§ Required work: Everything from the first line of the records to the line containing "1244 Faye Court", inclusive, is to be extracted exactly, and nothing more.
· · ·
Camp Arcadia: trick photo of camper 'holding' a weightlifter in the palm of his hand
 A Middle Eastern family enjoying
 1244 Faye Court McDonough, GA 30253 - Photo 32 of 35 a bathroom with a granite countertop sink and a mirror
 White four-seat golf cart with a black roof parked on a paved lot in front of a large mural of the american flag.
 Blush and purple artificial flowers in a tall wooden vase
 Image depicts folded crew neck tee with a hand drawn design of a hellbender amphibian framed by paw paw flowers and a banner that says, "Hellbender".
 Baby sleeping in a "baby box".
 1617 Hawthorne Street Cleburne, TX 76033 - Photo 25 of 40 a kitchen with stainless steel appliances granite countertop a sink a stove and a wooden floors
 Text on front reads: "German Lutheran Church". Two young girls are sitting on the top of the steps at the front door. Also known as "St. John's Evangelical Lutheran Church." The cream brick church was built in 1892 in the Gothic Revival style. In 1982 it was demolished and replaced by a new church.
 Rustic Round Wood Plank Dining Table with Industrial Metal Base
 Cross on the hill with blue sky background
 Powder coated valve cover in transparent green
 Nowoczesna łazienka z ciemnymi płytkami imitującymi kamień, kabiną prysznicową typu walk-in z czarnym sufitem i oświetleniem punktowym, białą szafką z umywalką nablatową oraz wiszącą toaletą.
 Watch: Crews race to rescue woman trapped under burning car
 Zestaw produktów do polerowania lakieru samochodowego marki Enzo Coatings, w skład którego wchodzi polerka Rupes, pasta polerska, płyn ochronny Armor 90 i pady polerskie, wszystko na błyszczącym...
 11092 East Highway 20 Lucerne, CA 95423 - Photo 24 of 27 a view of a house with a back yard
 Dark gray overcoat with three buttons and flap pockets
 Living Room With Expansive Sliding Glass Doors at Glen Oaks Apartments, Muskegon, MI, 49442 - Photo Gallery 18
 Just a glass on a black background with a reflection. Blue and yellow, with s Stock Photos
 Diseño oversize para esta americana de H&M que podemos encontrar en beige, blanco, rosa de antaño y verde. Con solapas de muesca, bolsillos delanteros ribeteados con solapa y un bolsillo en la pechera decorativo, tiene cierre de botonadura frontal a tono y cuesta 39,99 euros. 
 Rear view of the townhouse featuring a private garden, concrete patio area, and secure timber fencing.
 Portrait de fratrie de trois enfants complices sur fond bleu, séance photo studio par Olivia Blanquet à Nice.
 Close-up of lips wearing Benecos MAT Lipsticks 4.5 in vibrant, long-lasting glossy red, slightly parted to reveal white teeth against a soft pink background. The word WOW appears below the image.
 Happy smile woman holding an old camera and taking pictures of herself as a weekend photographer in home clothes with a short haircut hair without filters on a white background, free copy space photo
· · ·
§ Your response:
Camp Arcadia: trick photo of camper 'holding' a weightlifter in the palm of his hand
 A Middle Eastern family enjoying
 1244 Faye Court McDonough, GA 30253 - Photo 32 of 35 a bathroom with a granite countertop sink and a mirror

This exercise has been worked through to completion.